2. First practical step: ask the employer to correct the W‑2
The routine fix is for the employer to file a corrected Form W‑2 (W‑2c) and transmit the correction to SSA and IRS; the SSA will then pass corrected information to the IRS and that usually resolves processing delays without the employee having to amend a return if no other data changed [2] [7]. Employer guidance and SSA materials specifically instruct employers to provide correct information to SSA and to file W‑2c when a correct SSN is later obtained [8] [3].
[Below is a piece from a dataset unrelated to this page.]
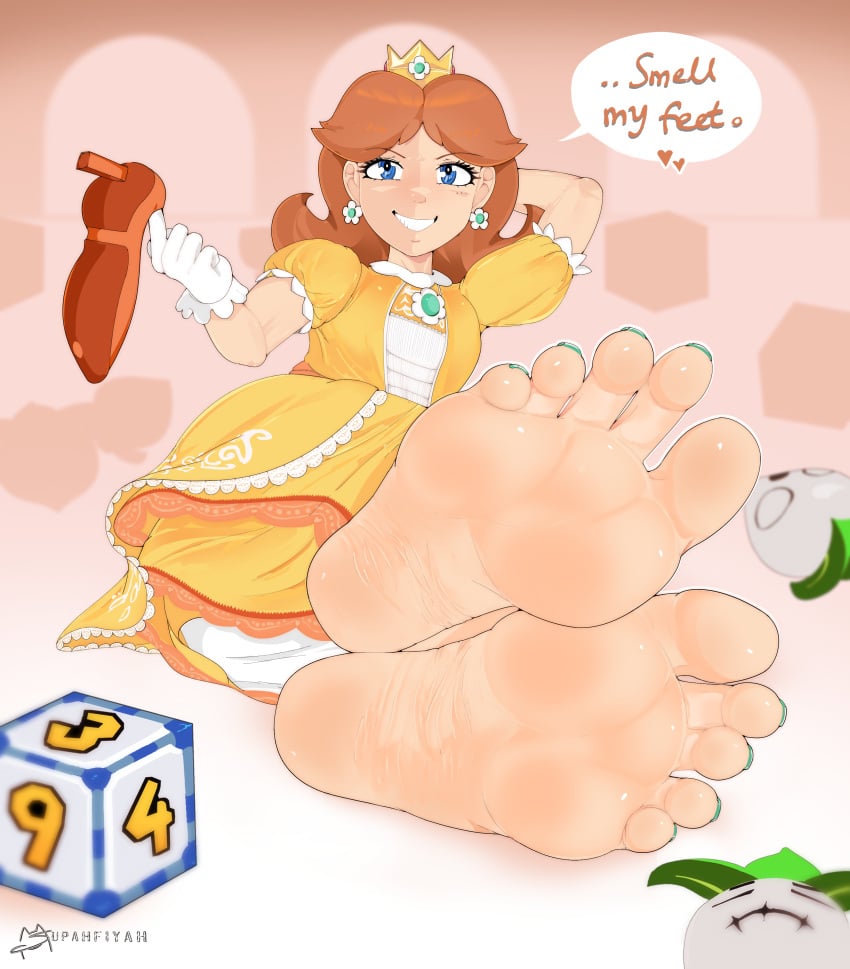 1girls arms_up barefoot blue_eyes brown_hair crown dice dress earrings english_text feet female female_only femdom foot_fetish foot_focus gloves heels hi_res holding_footwear laying_down looking_at_viewer mario_(series) mario_party nail_polish nintendo pov princess princess_daisy shoes smile soles speech_bubble supahfiyah super_smash_bros. teasing text toes tomboy turnip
3. If you’re undocumented or lack a valid SSN: ITIN, “Applied For” or zeros — what sources show
People ineligible for SSNs (including many undocumented immigrants) can apply for an IRS Individual Taxpayer Identification Number (ITIN) to file federal taxes; ITINs don’t grant work authorization or Social Security benefits but do permit tax filing [9] [10]. SSA guidance for filings when a worker has applied for but not yet received an SSN allows employers to enter “Applied For” on paper W‑2s or zeros for electronic filing and to submit a W‑2c later when a number is issued [8].
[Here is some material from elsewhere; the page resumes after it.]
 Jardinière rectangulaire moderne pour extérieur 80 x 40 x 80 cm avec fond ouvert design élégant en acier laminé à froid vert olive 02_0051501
4. Legal and employment risks employers face — and limits on employer reaction
SSA and payroll-industry notices repeatedly warn employers not to take adverse employment actions (layoff, suspension, firing, discrimination) merely because an SSA mismatch letter cites a name/SSN mismatch; such actions could violate state or federal law [4] [11] [12]. Employers may face penalties for filing incorrect name/SSN combinations and are expected to investigate and, where appropriate, seek corrected information or file corrections [13] [11].
5. Special considerations for undocumented workers who used fake or borrowed SSNs
Reporting and tax analyses note undocumented workers sometimes give borrowed or previously valid SSNs; wages reported under such numbers can result in taxes being credited to the SSN owner, and those wage credits may not be available to the undocumented worker unless the records are corrected [14] [15]. The SSA’s Earnings Suspense File exists precisely because mismatches, typos or improper SSNs mean the system cannot post wages to the correct person’s record [1].
6. If the employer refuses to correct the W‑2 — available procedural options
Tax‑advice and employer‑how‑to sources advise contacting the employer first to request a W‑2c; if the employer refuses, taxpayers can contact the IRS or SSA for help — SSA verifies names/SSNs for wage reporting and the IRS receives copies of W‑2/W‑2c filings — and the SSA/IRS processes generally cannot correctly credit wages until a corrected employer filing is made [2] [16] [17]. Available sources do not mention specific immigration-enforcement consequences from requesting corrections; they do emphasize the administrative penalty framework [13].
7. Practical filing notes and consequences for tax returns
Tax filing may be delayed or mismatched if the SSN on the employer’s SSA copy doesn’t match the filer’s SSN; when the employer later files W‑2c, IRS/SSA matching typically resolves the hold and taxpayers often do not need to amend returns if only the SSN changed [16] [7]. Record-keeping matters: employees should keep copies, ask for corrected W‑2s, and preserve any proof of wages and communications [18] [19].
Limitations and competing views: sources agree the administrative fix is W‑2c and employers shouldn’t take adverse actions for mismatches [2] [4]. Sources differ in emphasis about undocumented workers — policy explainers and tax analysts note ITINs are available for tax filing but underscore that ITINs do not confer employment authorization or Social Security benefits [9] [10] [20]. If you want steps tailored to a specific case (state rules, employer refusal, evidence of identity theft, or immigration concerns), state guidance and legal aid resources are not covered in these sources and should be sought separately — not found in current reporting.